### What is being asked
Below are entries. Give back exactly the lines from the one containing "مملوكة مسبقًا حقيبة" through the one containing "TOGA TOO / Triangle beads necklace | glitter", inclusive, without the pictures.

### Extracted data
- - - - -

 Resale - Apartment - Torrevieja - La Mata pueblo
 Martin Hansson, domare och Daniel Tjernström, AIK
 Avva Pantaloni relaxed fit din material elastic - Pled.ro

- - - - -

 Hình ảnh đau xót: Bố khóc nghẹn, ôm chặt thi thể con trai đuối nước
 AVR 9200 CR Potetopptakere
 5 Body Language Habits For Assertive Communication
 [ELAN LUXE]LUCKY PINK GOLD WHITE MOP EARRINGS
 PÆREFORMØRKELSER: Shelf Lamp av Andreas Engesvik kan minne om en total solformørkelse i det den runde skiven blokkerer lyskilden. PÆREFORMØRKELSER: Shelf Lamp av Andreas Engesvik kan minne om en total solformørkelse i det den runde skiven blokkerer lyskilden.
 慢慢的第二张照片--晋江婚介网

- - - - -

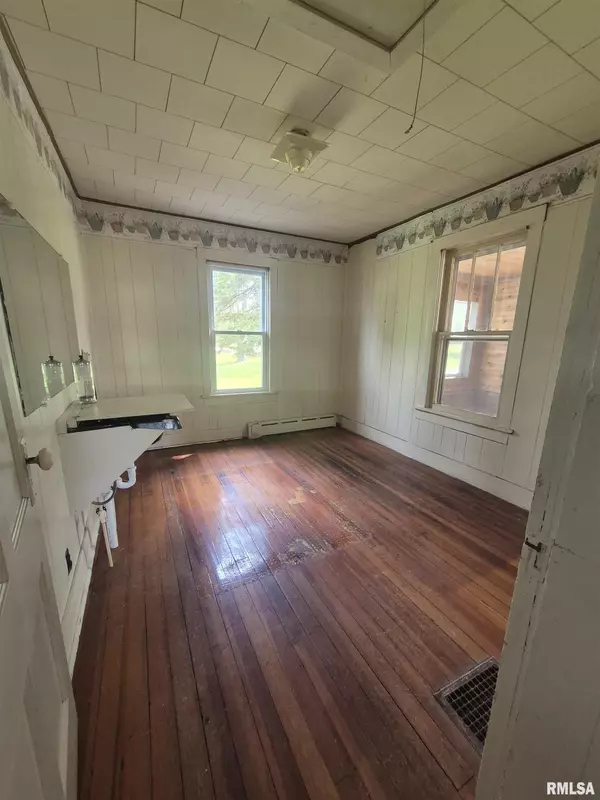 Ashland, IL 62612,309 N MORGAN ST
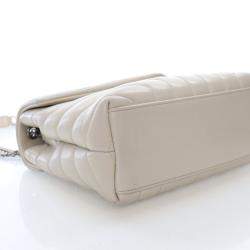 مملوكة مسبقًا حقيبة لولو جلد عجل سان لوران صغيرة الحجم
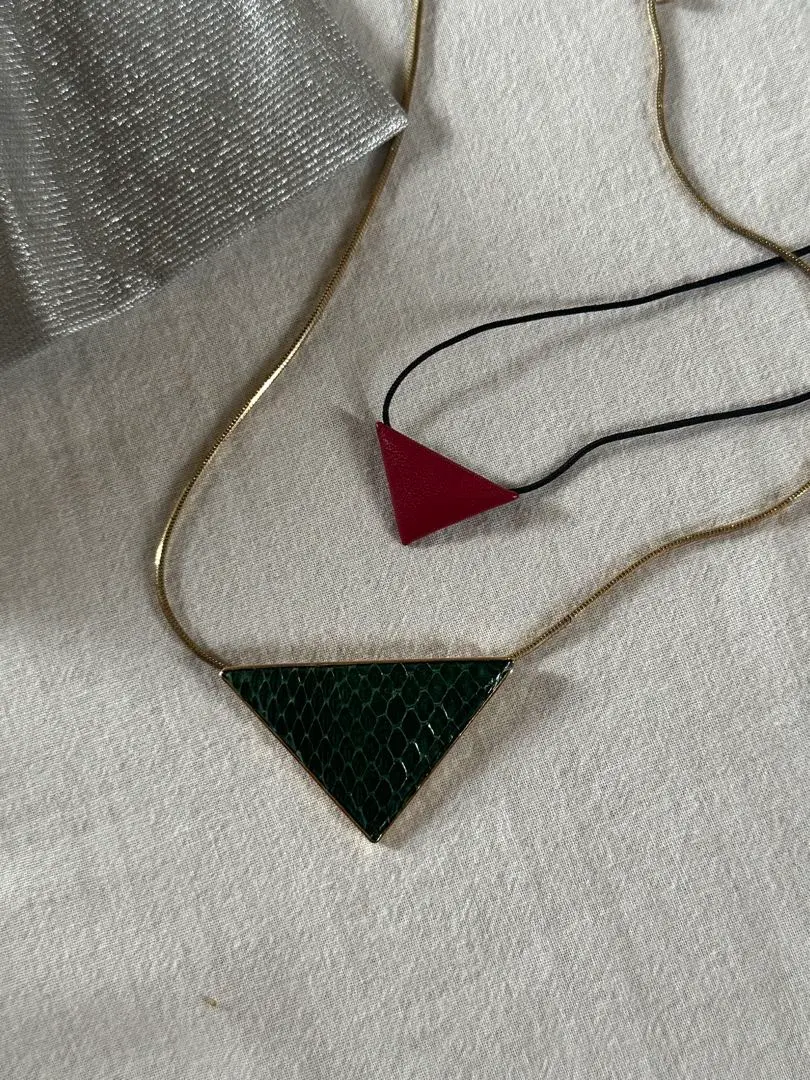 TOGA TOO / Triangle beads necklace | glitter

- - - - -

### Written solution
 مملوكة مسبقًا حقيبة لولو جلد عجل سان لوران صغيرة الحجم
 TOGA TOO / Triangle beads necklace | glitter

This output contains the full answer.